WHAT IS EXPECTED »
Restate word for word the part of the material that runs from the line containing "Sakkokiy hayoti va ijodi 3" through its final line, inclusive, minus the pictures.

DATA SECTION »

######

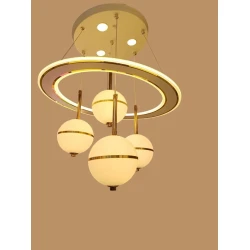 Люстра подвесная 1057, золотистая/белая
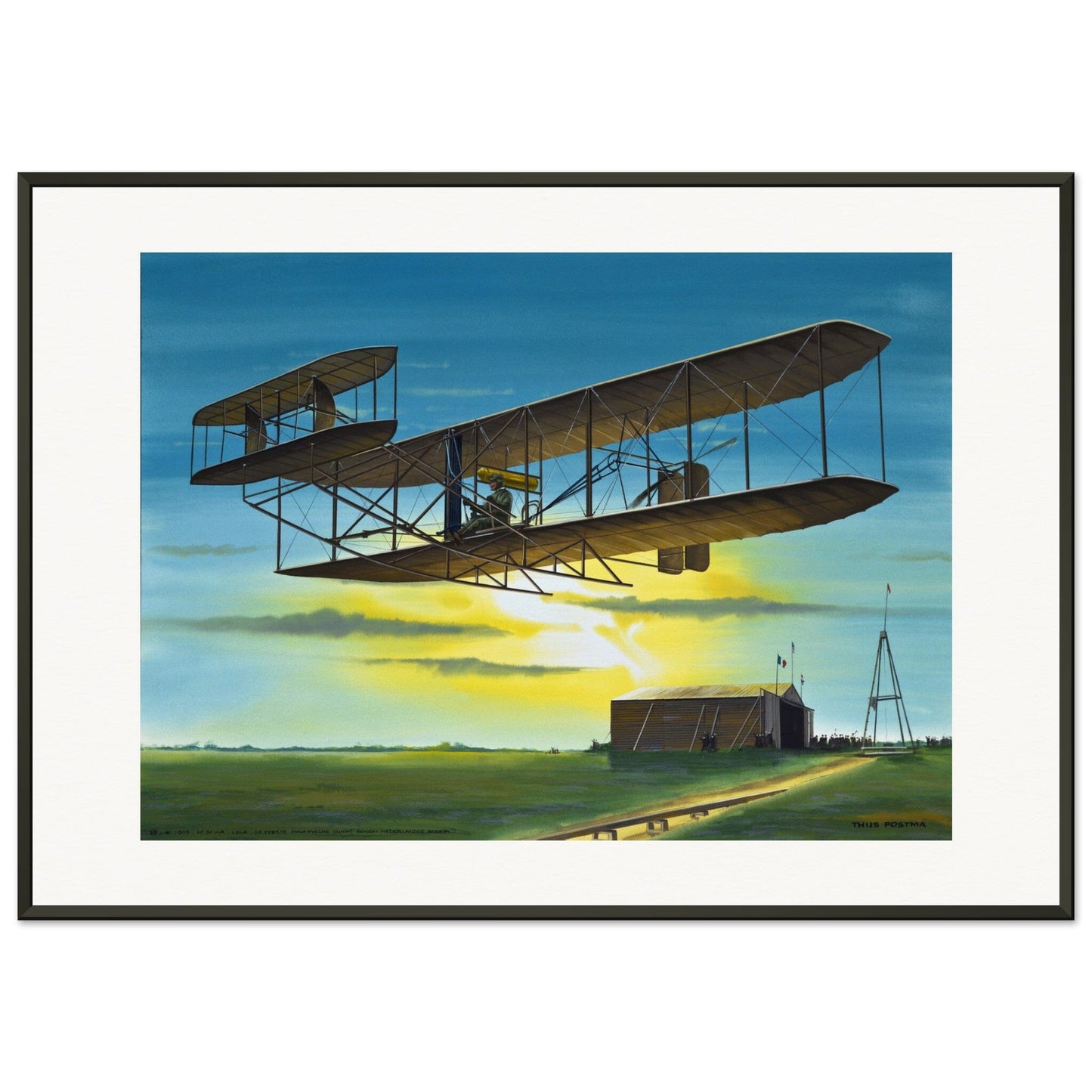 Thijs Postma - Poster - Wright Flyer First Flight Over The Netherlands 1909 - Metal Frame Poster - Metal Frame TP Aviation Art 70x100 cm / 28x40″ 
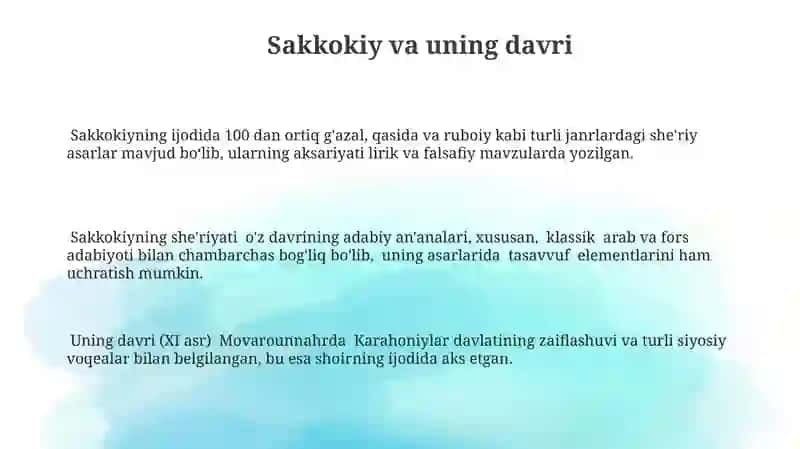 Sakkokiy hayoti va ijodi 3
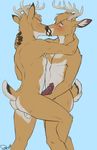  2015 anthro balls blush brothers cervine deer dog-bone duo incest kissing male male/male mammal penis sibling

######

RESPONSE BELOW »
 Sakkokiy hayoti va ijodi 3
  2015 anthro balls blush brothers cervine deer dog-bone duo incest kissing male male/male mammal penis sibling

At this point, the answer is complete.